Beveiliging (SG)
Om een veilige werkzone te creëren, moeten er rond de Manipulator veiligheidsbarrières worden opgezet. Bij de ingang en de uitgang van deze veiligheidsbarrières moeten er beveiligingen worden geïnstalleerd.
De term "beveiliging" in deze handleiding verwijst naar een veiligheidsapparaat met een vergrendeling die het mogelijk maakt om zich binnen een veiligheidsbarrière te begeven. Meer bepaald omvat dit veiligheidsdeurschakelaars, veiligheidsbarrières, lichtgordijnen, veiligheidspoorten, veiligheidsvloermatten, e.d. De beveiliging is een ingang die de robotcontroller informeert dat er zich mogelijk een operator in de beveiligingszone bevindt. U moet ten minste één beveiliging (SG) toewijzen in de Safety Function Manager.
Wanneer de beveiliging wordt geopend, wordt de beschermende stop geactiveerd en omgeschakeld naar de status met open beveiliging (display: SO).
- Beveiliging open
Bedrijf is verboden. Verder robotbedrijf is niet mogelijk tot ofwel de beveiliging wordt gesloten, de vergrendelingsstatus wordt vrijgegeven en een opdracht wordt uitgevoerd; of de bedrijfsmodus TEACH of TEST wordt aangezet en het inschakelcircuit wordt geactiveerd. - Beveiliging dicht
De robot kan automatisch werken in een status zonder beperkingen (hoog vermogen).
WAARSCHUWING
- Als een derde partij per ongeluk de beveiliging vrijgeeft terwijl een operator binnen de veiligheidsbarrières werkt, kan er een gevaarlijke situatie ontstaan.
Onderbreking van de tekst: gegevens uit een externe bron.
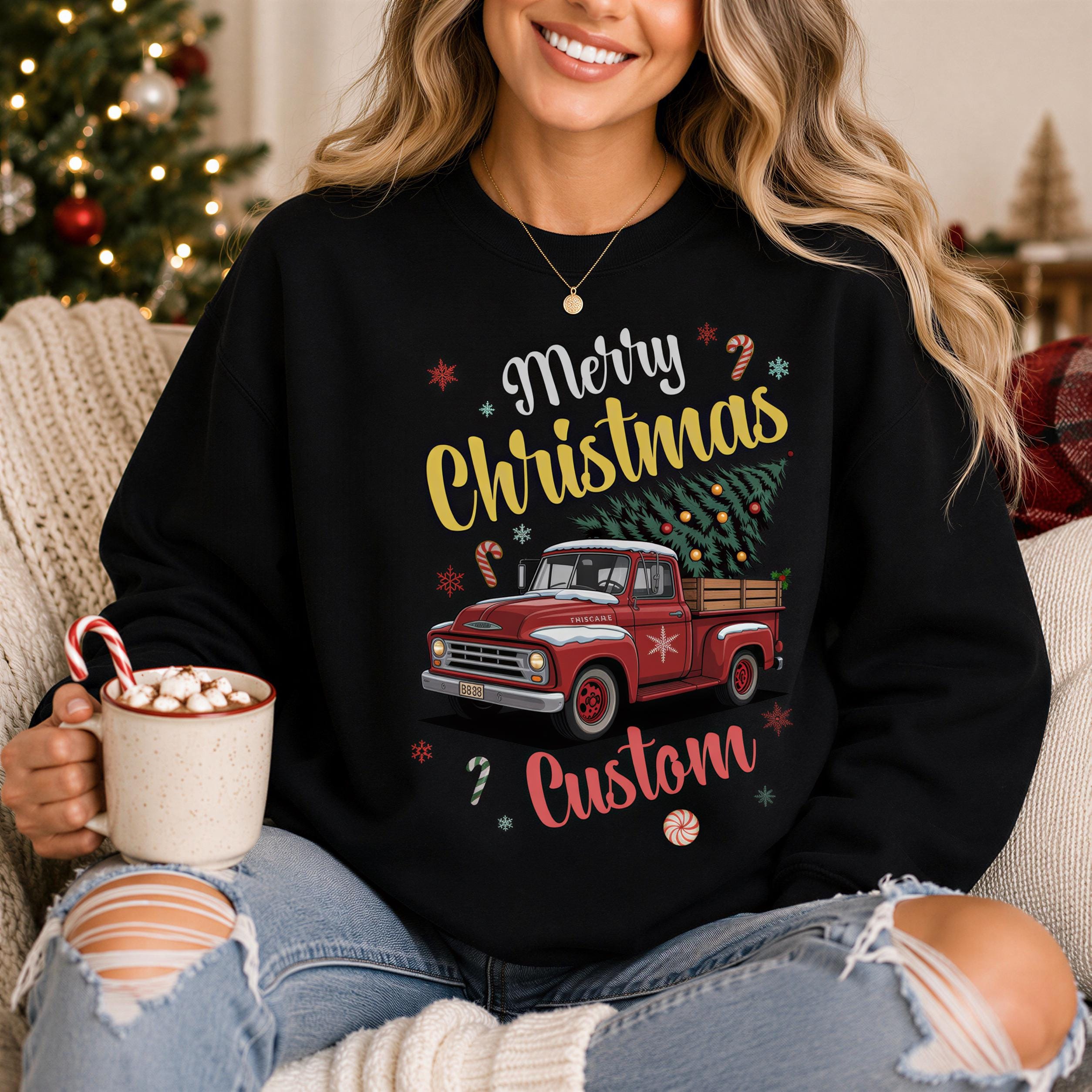 A woman wearing a black sweatshirt with a Christmas-themed design, including a red truck and Christmas decorations, is sitting on a couch and holding a mug of hot chocolate.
Om de operator binnen de veiligheidsbarrières te beschermen, moet u maatregelen toepassen voor blokkering en vergrendeling (lock-out) of signalisatie (tag-out) van de vrijgaveschakelaar van de vergrendeling.
- Om operators die dicht bij de robot werken te beschermen, moet er een beveiligingsschakelaar worden aangesloten. Controleer of deze juist functioneert.
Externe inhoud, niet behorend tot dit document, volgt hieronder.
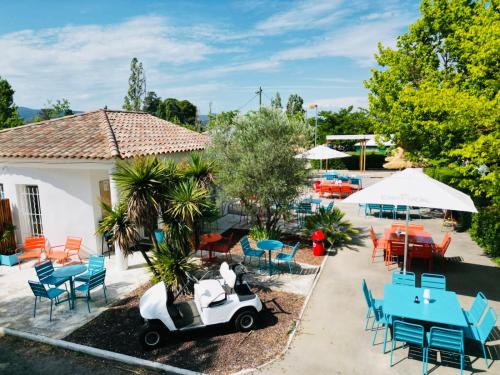 un patio al aire libre con mesas, sillas y una moto en Camping Paradis Family les Rives de l'Hérault, en Gignac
Veiligheidsbarrières installeren
Als veiligheidsbarrières binnen het maximumbereik van de Manipulator worden geïnstalleerd, combineer deze dan met veiligheidsfuncties zoals SLP. Houd nauwkeurig rekening met de grootte van de hand en de werkstukken die worden vastgehouden, zodat de bewegende onderdelen en de veiligheidsbarrières elkaar niet in de weg kunnen zitten.
Beveiligingen installeren
Ontwerp de beveiligingen zodanig dat deze aan de volgende vereisten voldoen:
- Als een veiligheidsapparaat met een sleutelschakelaar wordt gebruikt, gebruik dan een schakelaar die de vergrendelingscontacten geforceerd opent. Gebruik geen schakelaars waarvan de contacten door de veerkracht van de vergrendeling worden geopend.
- Als een vergrendelingsmechanisme wordt gebruikt, schakel het vergrendelingsmechanisme dan niet uit.
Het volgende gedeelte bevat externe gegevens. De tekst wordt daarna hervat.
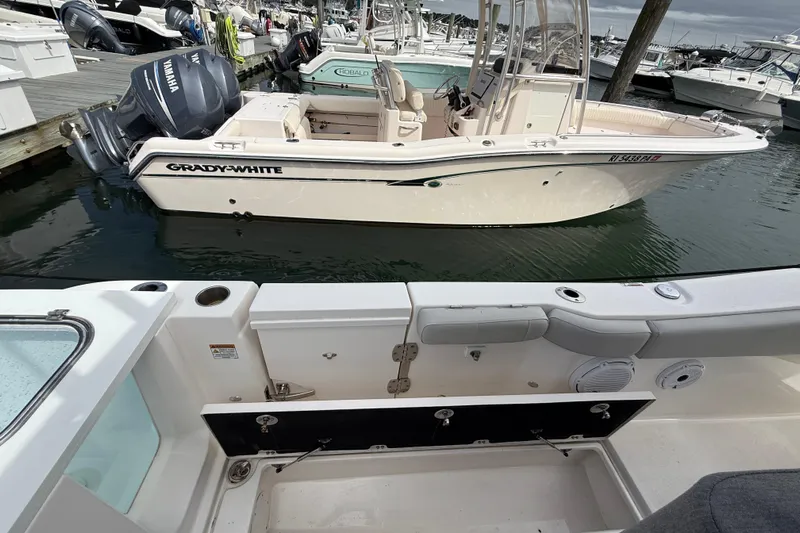  Yacht Photos Pics 2021 Sea Fox 288 Commander docked, with Grady-White boat nearby in marina.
Rekening houden met de stopafstand
Ook als de beveiliging wordt geopend, kan een werkende Manipulator niet onmiddellijk tot stilstand komen. De stoptijd en de bewegingsafstand verschillen afhankelijk van de volgende factoren.
Gewicht van de hand, instelling WEIGHT, instelling ACCEL, gewicht van het werkstuk, instelling SPEED, houding tijdens de beweging, e.d.
Raadpleeg het volgende gedeelte voor de stoptijd en de bewegingsafstand van de Manipulator.
Bijlage C: stoptijd en stopafstand wanneer de beveiliging wordt geopend
Voorzorgsmaatregelen voor de werking van de beveiliging
Open de beveiliging niet onnodig terwijl de motor voeding krijgt. Frequente activering van de beveiligingsingangen vermindert de levensduur van het relais.